The poem, “The New Colossus,” was added later. Originally written for an auction that raised funds for the statue’s pedestal, the now famous words did not reach the statue until 1903 and then only on bronze plaque placed inconspicuously in a stairway landing. It was meant at a tribute to the writer, a socialite who was also an advocate for Jewish refugees and who died young. The statue and the poem only gradually became prominent symbols of generous immigration policies, reaching an apotheosis with the 1986 centennial celebrations, a Reagan-era corporate extravaganza.
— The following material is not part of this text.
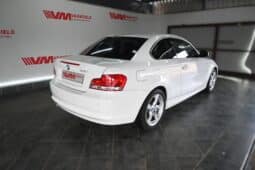 BMW 125i COUPE A/T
Some years ago I wrote a piece for the Washington Post that gets dragged out on days like Wednesday because I opined that the poem “can safely be removed, shrouded or at least marked with a big asterisk. We live in a different era of immigration, and the schmaltzy sonnet offers a dangerously distorted picture of the relationship between newcomers and the new land.”
My objections start with the depiction of immigrants, “tired … poor … wretched refuse … the homeless, tempest-tost.” That description applies to some refugees for sure, but not to most immigrants. They are adventurers who get up and go when times are tough or take off just because they think can get a better deal somewhere else. They are rarely the poorest of the poor because it takes resources to migrate. Sadly, the most afflicted, as Lazarus described them, are the folks who get left behind.
Even the noble phrase, “huddled masses yearning to breathe free,” distorts reality. Sure, lots of people have come to the United States for political reasons, and that is an important component of our immigration history. But, many, many more have come here because they saw an opportunity to improve their social and economic well-being, and many others have come just because they wanted to be with family who had already made the trip. We need to be OK with that. Immigration for love or money is perfectly respectable. Immigration by people who have made money and want to make more is honorable. We do not limit immigration to the desperate or the persecuted and never have. It is important that we have channels to welcome them, but humanitarian migration is just one aspect of our policies.
The Lazarus vision becomes more problematic when poorly informed commentators like Acosta invoke it as a historical basis for immigration policy. Acosta provoked Miller by contending that the Lazarus poem embodies an “American tradition” of welcoming immigrants regardless of their qualifications. In truth, for as long as the Statue of Liberty has stood in New York harbor, the United States has had policies to block immigration by people considered too poor to make it on their own, or too sick or who are morally, politically or socially unfit. Lazarus wrote poetry not policy.
At different times, we have embraced tinny patriotic expressions like “we are a nation of immigrants” to either exclude and embrace foreigners. In what has become perhaps the most polarized sector of our insanely polarized politics, appeals to patriotic values have become a staple for all sides. That may be one reason we are stuck in this very repetitive battle. Immigration policies need to be reinvented by every generation for the needs of that generation. Like any national endeavor that requires sacrifice, the management of migration requires public support based on self-interests, contemporary realities and articulable future goals—as well as enduring values.
Someday we might get to a reasonable and productive debate over immigration policy. I don’t know how, but for sure it is not going to happen by looking to Lazarus alone for inspiration.